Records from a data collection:
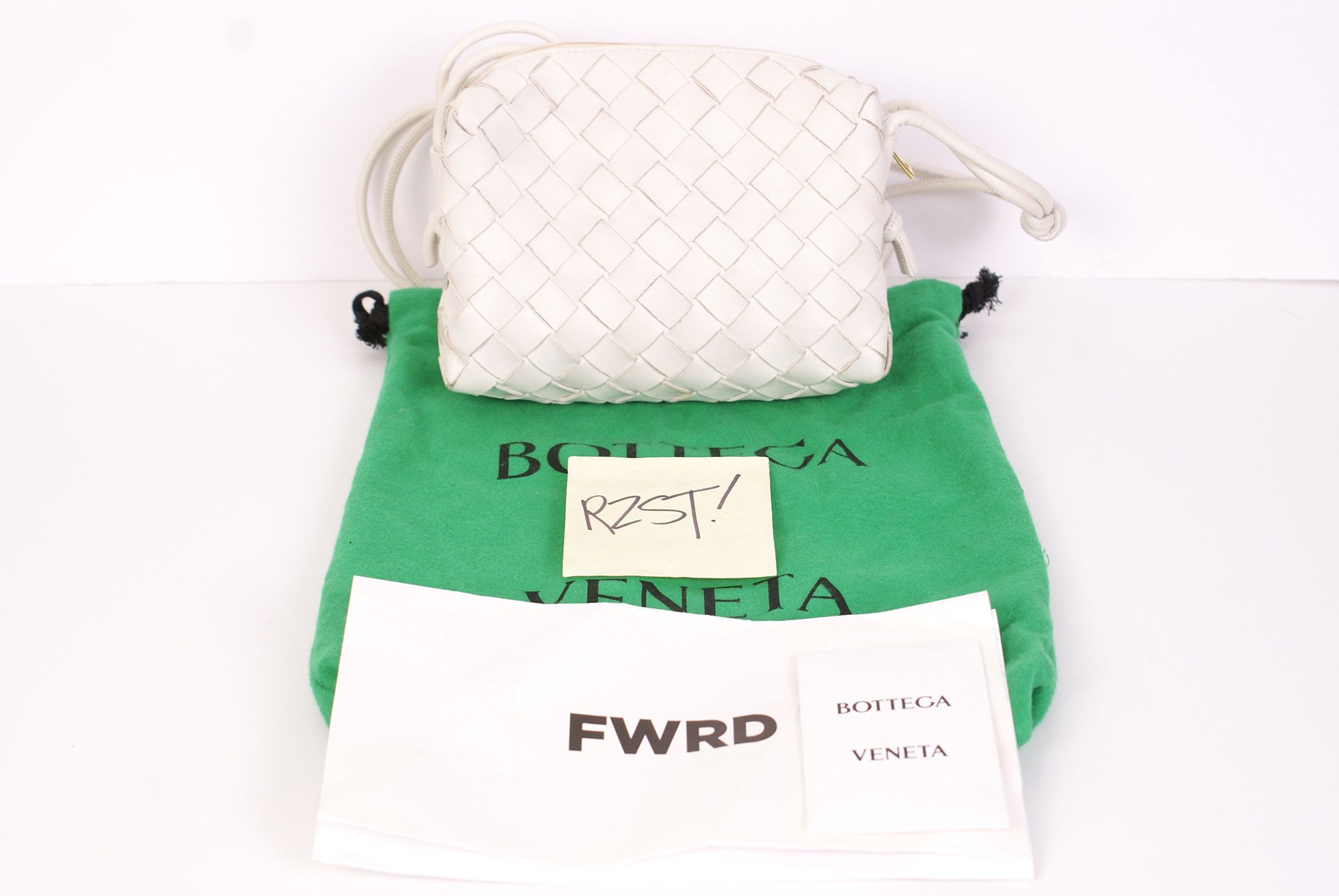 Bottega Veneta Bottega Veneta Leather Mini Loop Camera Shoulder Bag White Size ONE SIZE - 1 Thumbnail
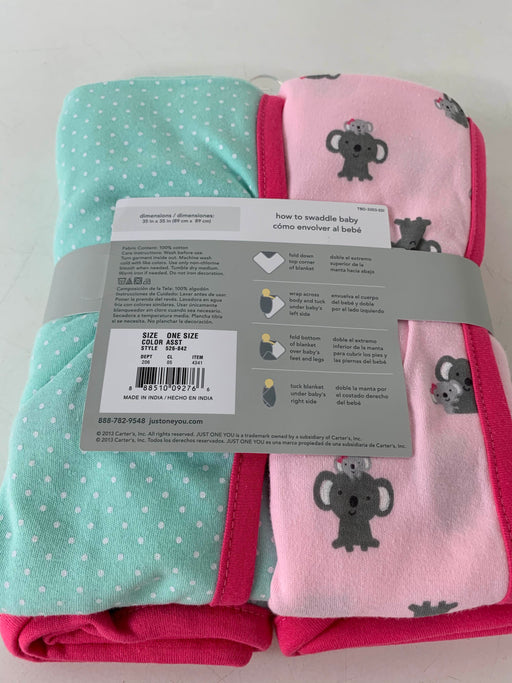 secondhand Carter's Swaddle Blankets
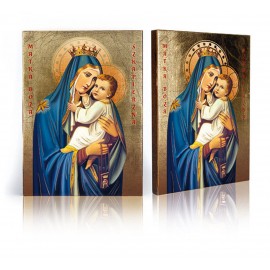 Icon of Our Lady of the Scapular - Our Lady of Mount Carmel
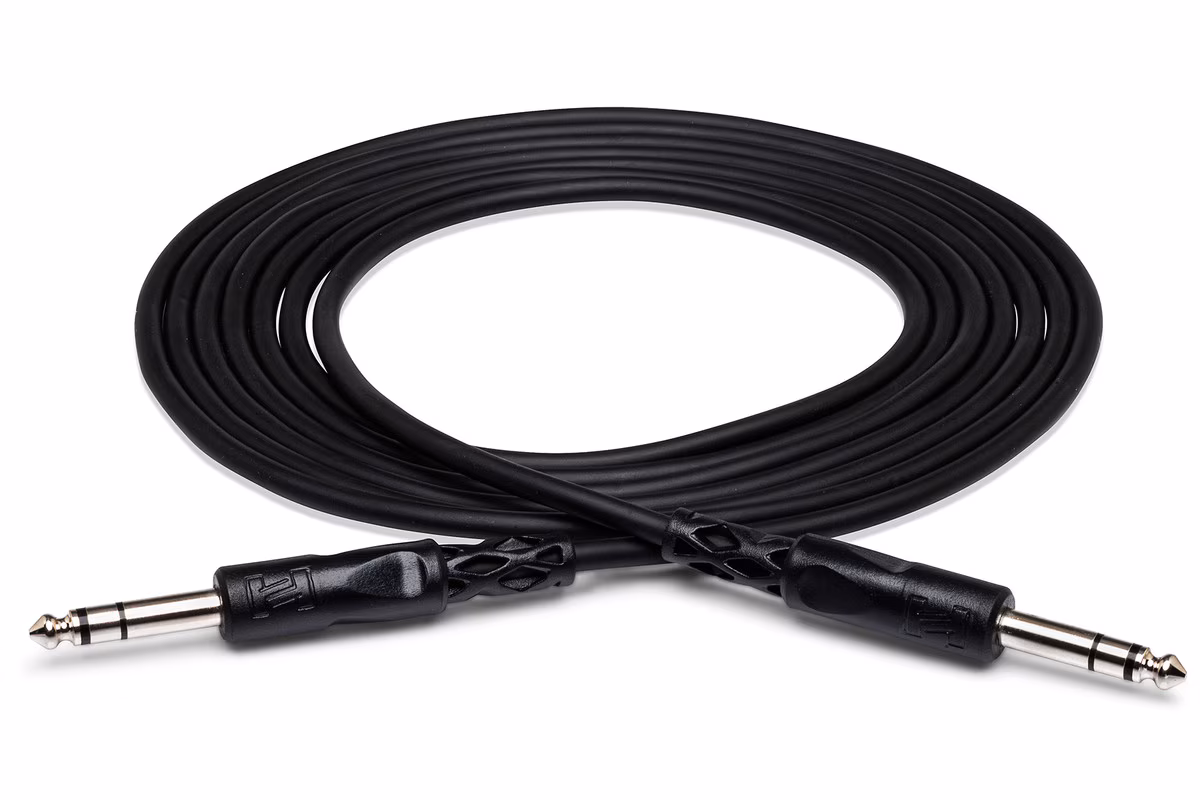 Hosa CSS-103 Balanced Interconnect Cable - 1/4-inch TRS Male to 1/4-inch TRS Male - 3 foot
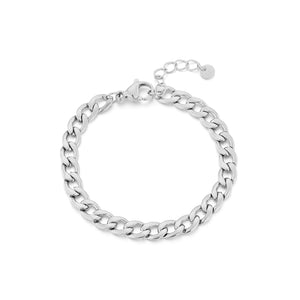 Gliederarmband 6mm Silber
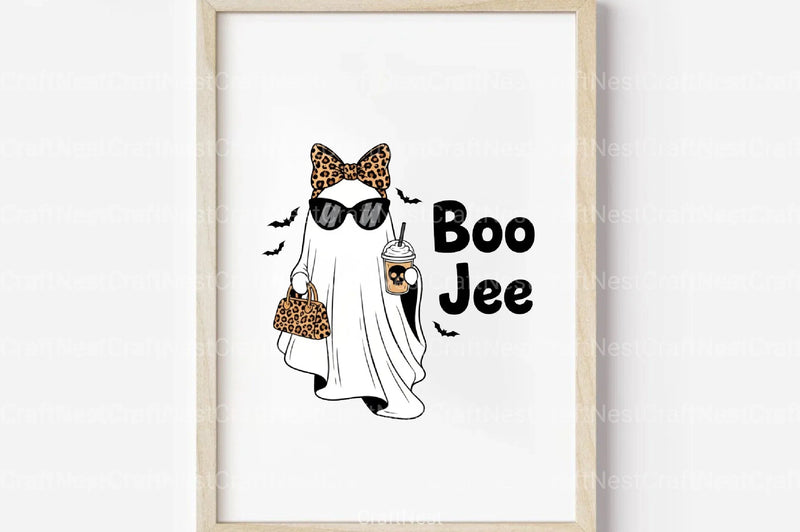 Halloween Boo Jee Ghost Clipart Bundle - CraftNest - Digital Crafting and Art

==

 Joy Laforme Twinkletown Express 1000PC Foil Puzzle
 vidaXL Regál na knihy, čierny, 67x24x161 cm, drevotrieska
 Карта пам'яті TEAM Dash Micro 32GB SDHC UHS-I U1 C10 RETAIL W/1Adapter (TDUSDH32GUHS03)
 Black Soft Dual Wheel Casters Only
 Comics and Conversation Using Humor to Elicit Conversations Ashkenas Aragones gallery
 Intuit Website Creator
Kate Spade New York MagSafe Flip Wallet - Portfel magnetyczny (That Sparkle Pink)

* What to produce *
Please transcribe only the lines in the records above running from the line that has "Comics and Conversation" through the line that has "Kate Spade New", both included, exactly as they appear.

* Reply *
 Comics and Conversation Using Humor to Elicit Conversations Ashkenas Aragones gallery
 Intuit Website Creator
Kate Spade New York MagSafe Flip Wallet - Portfel magnetyczny (That Sparkle Pink)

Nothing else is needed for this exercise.